In Ezekiel, the prophet is dragged by the Spirit into a field of scattered bones. Not burial with dignity. Not grief held with tenderness. Just the exposed remains of a people crushed so completely they can no longer imagine a future. Then comes the question:

Can these bones live?

In John’s Gospel, Jesus stands before the tomb of Lazarus. The stone is in place. The body is already claimed by death. The mourning is real. The loss is real. And before Jesus says anything powerful, he weeps.

That matters.

Because the God of resurrection does not heal by denial. He does not ask the wounded to tidy up their testimony.
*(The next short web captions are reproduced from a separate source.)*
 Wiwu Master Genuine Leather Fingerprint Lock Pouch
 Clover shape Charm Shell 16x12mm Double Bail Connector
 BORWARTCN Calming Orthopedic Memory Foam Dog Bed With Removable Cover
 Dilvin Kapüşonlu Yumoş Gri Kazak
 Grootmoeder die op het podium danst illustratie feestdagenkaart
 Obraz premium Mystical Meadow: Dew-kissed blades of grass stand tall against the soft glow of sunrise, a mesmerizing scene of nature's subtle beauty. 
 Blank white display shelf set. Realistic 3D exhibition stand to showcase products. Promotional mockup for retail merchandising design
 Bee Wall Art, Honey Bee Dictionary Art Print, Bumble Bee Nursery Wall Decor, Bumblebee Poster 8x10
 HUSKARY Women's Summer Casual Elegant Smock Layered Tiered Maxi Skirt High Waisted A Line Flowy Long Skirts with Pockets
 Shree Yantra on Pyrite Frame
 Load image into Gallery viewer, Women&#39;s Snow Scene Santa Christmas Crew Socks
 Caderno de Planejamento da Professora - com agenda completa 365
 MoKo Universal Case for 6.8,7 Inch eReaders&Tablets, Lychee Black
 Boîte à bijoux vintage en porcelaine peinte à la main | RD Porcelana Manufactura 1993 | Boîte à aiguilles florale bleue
He does not protect peace by protecting lies.

Too much religion wants resurrection without memory.
Too much religion wants hope without truth.
Too much religion wants people raised, but only if they come back quiet.

But in scripture, God keeps going exactly where the world has already declared the story over.

Into the valley.
Into the tomb.
Into exile.
Into ruin.

And there, God speaks.

The bones do not rise because somebody changes the subject. Lazarus does not come out because everybody agrees to be positive. The dead rise because God refuses to leave them where they were buried.

That is the Gospel in hard form.

Some of us know what it is to be buried before we die. Buried under shame. Buried under betrayal. Buried under silence. Buried by institutions that preserve themselves better than they tell the truth. Buried by people who start speaking about you in the past tense while you are still breathing.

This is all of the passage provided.